(Data records)
_ _ _ _ _

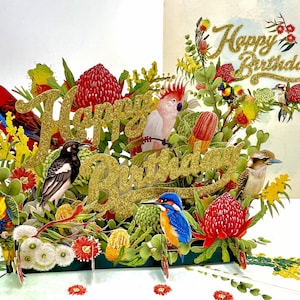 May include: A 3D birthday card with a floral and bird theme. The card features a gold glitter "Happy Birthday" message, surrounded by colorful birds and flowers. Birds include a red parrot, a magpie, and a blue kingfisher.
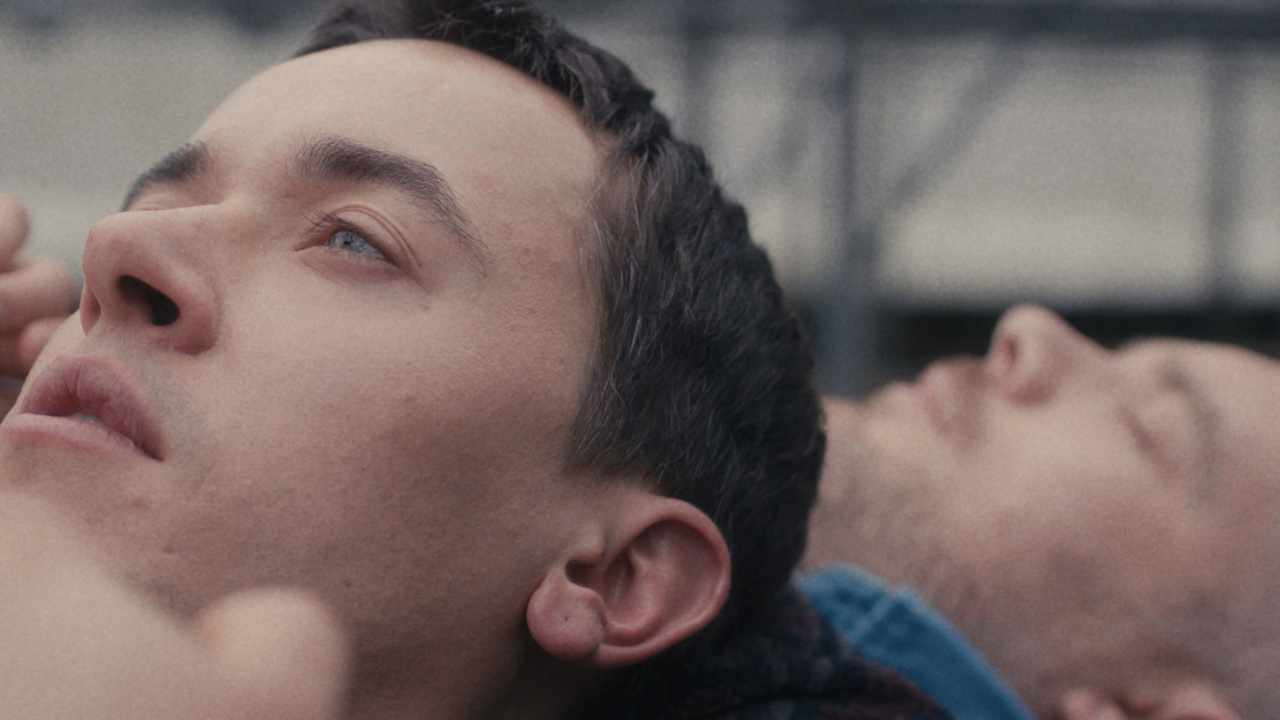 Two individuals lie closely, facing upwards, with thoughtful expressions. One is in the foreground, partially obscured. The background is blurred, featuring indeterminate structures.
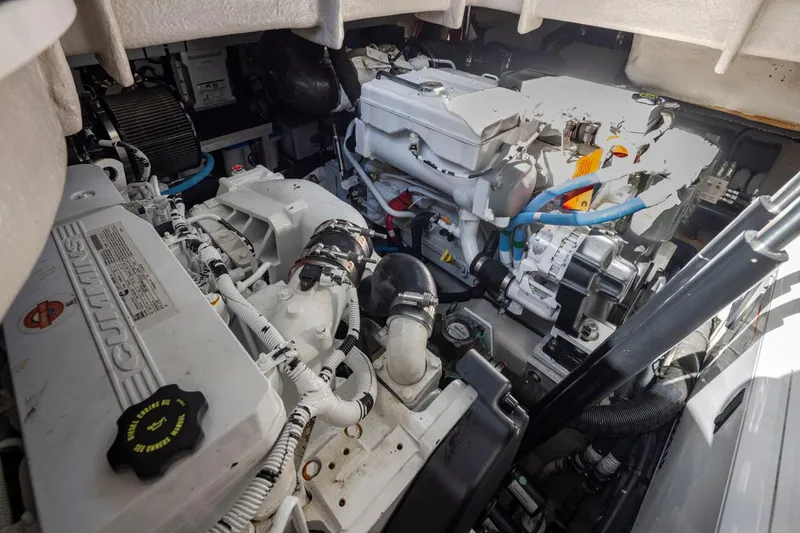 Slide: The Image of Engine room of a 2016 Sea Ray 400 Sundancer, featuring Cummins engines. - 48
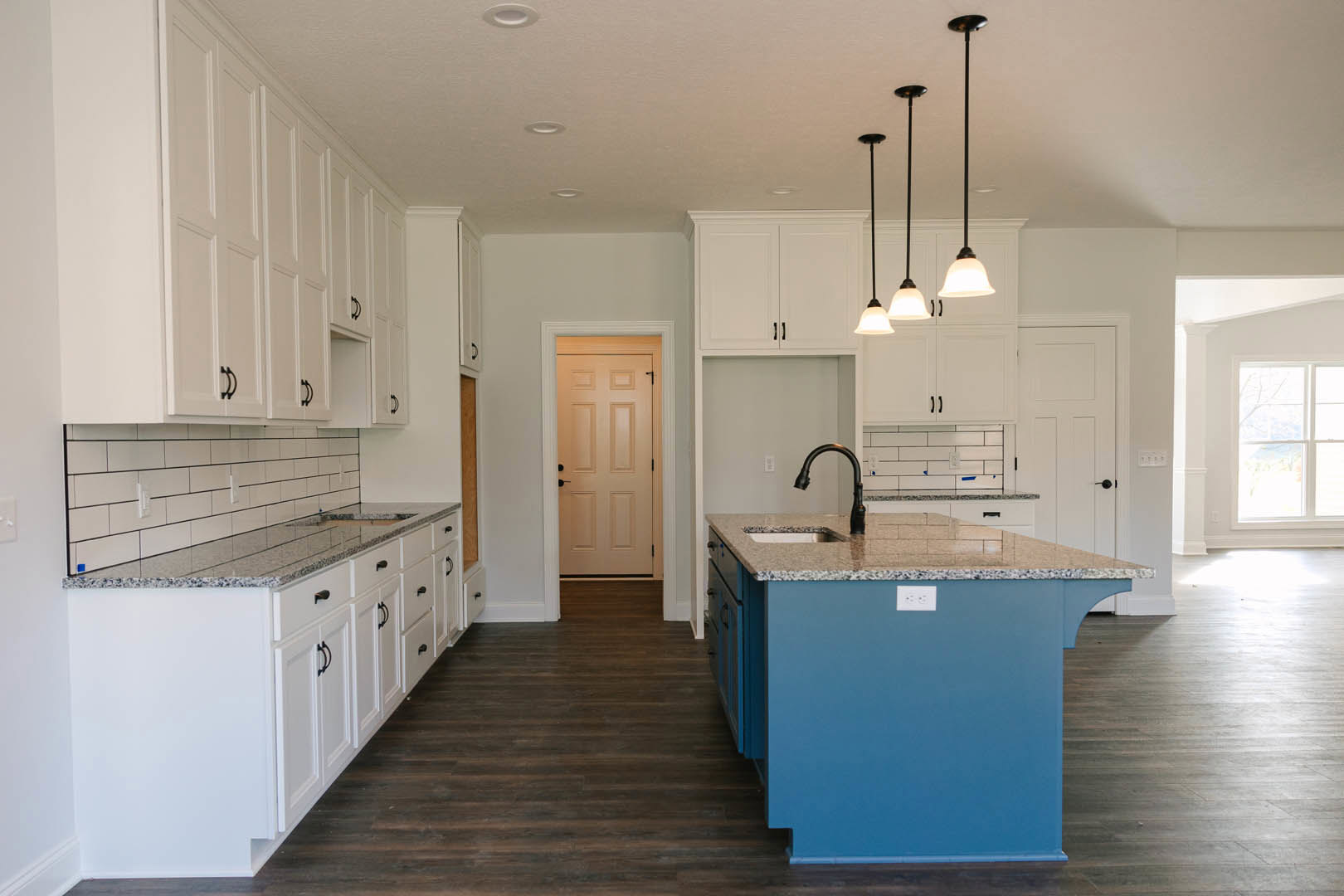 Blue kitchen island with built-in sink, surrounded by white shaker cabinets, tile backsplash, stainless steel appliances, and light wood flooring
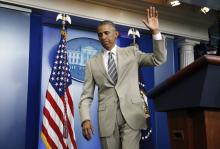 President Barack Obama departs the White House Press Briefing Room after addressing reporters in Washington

_ _ _ _ _

WORK REQUEST
Please restate word for word the lines above, starting with the line that holds "Blue kitchen island" and ending with the final line of the records, while leaving out pictures.

OUTPUT OF THE EXERCISE
 Blue kitchen island with built-in sink, surrounded by white shaker cabinets, tile backsplash, stainless steel appliances, and light wood flooring
 President Barack Obama departs the White House Press Briefing Room after addressing reporters in Washington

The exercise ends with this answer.